[Caption-style text data]
>>>>>

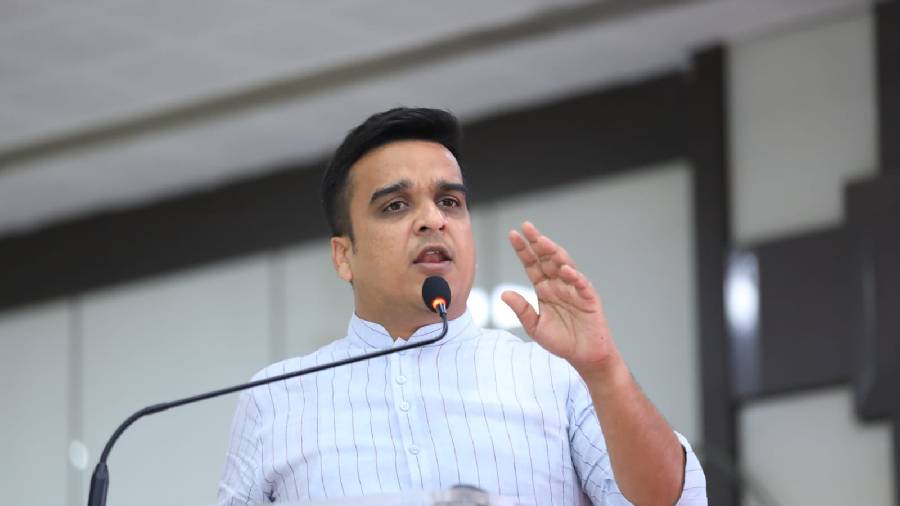 ಅಸೆಂಬ್ಲಿ ಚುನಾವಣೆಗೂ ಮುನ್ನ ಏಕರೂಪಿ ನಾಗರಿಕೆ ಸಂಹಿತೆ ಜಾರಿಗೆ: ಗುಜರಾತ್‌ ಗೃಹ ಸಚಿವ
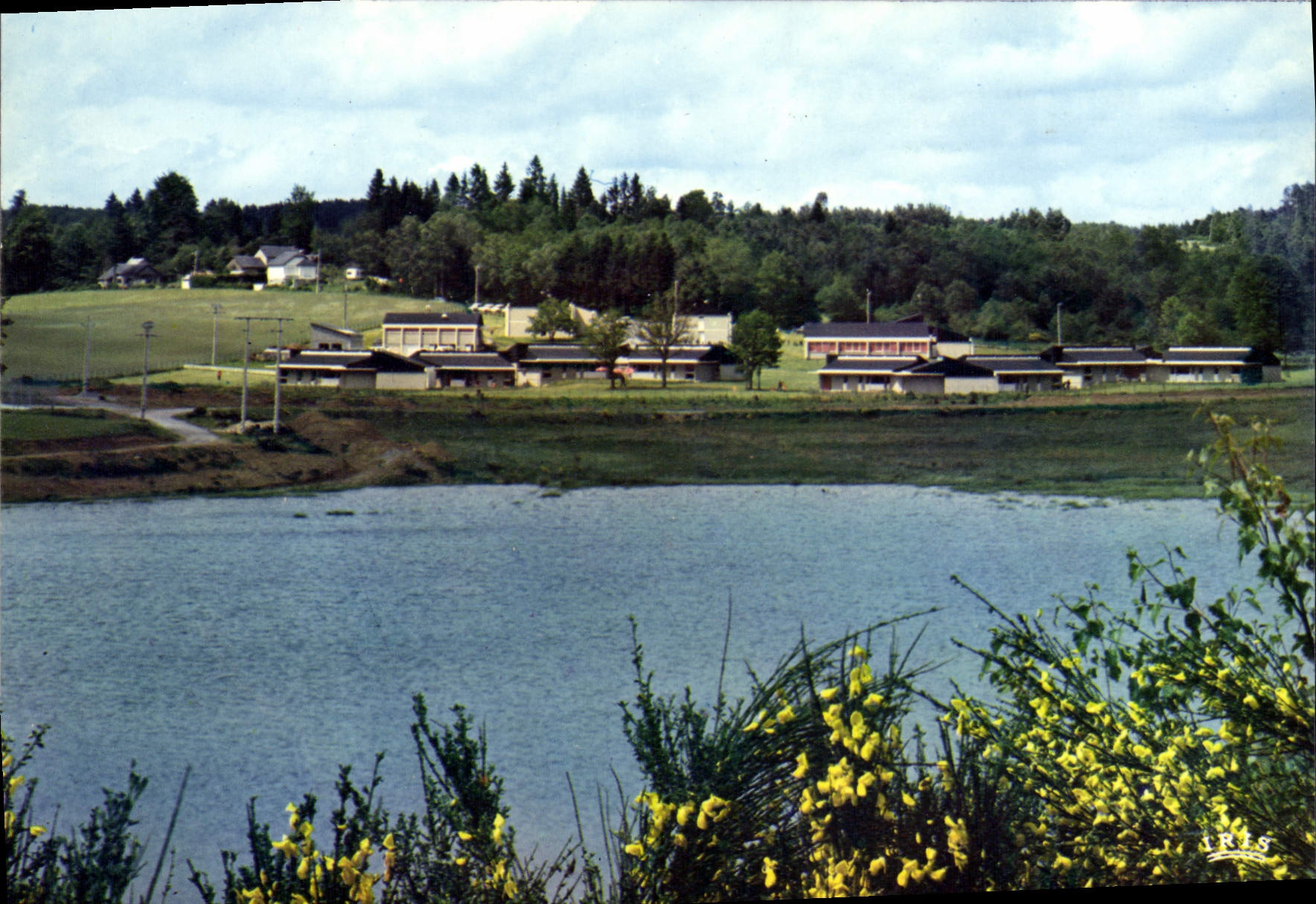 Plan d'eau et Institut Médico-Educatif de Sornac — Corrèze — éditeur IRIS
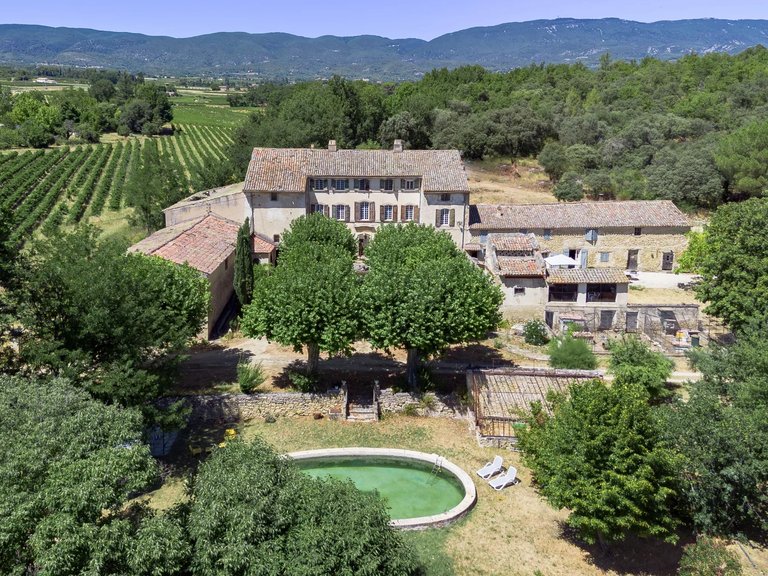 Villa for Sale in Ansouis, The Luberon / Vaucluse 9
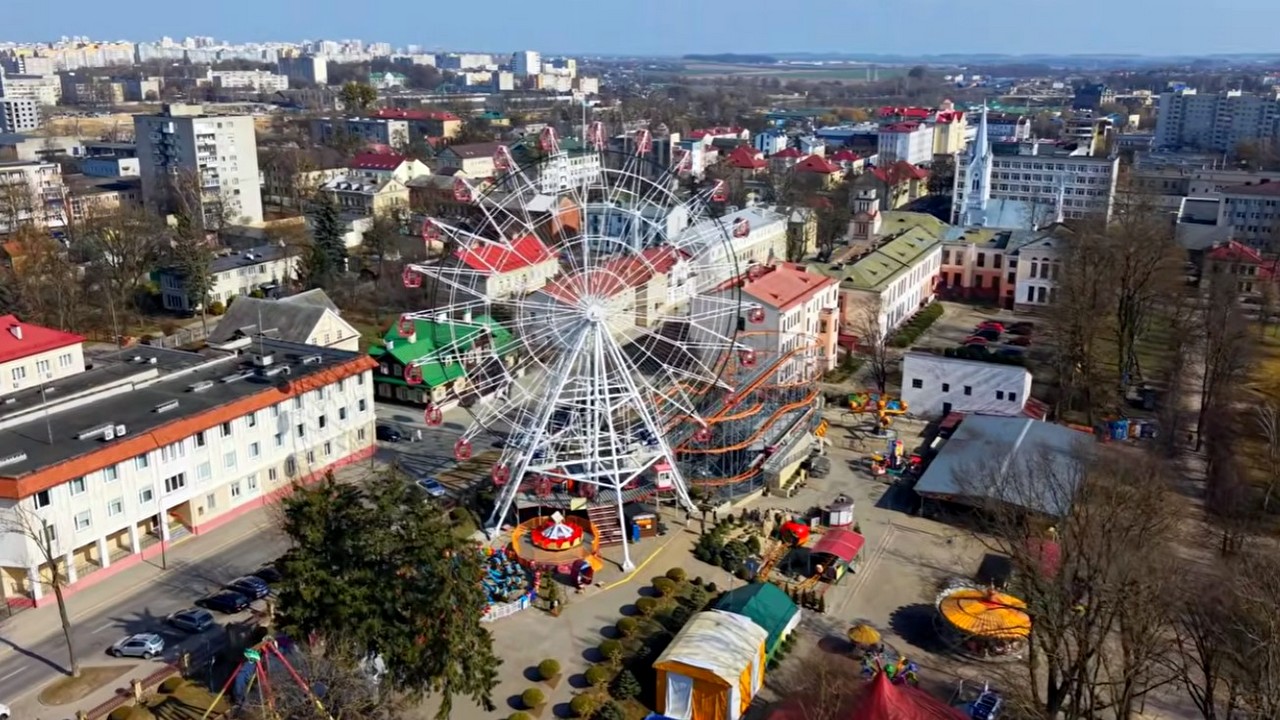 Появилось видео полета над крышами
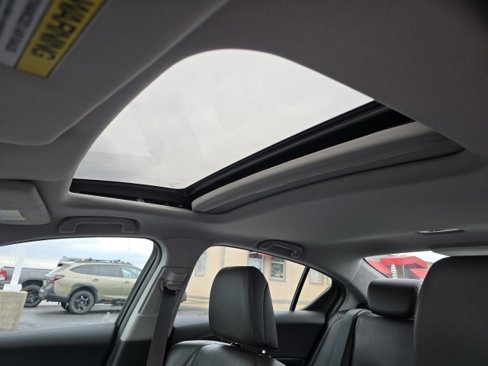 Used 2016 Acura ILX w/ Premium Package image 2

<<<<<

● Work required: Reproduce exactly, with every picture left out, the lines from the one that contains "Plan d'eau et" to the final line of the records above.

● Task answer:
 Plan d'eau et Institut Médico-Educatif de Sornac — Corrèze — éditeur IRIS
 Villa for Sale in Ansouis, The Luberon / Vaucluse 9
 Появилось видео полета над крышами
 Used 2016 Acura ILX w/ Premium Package image 2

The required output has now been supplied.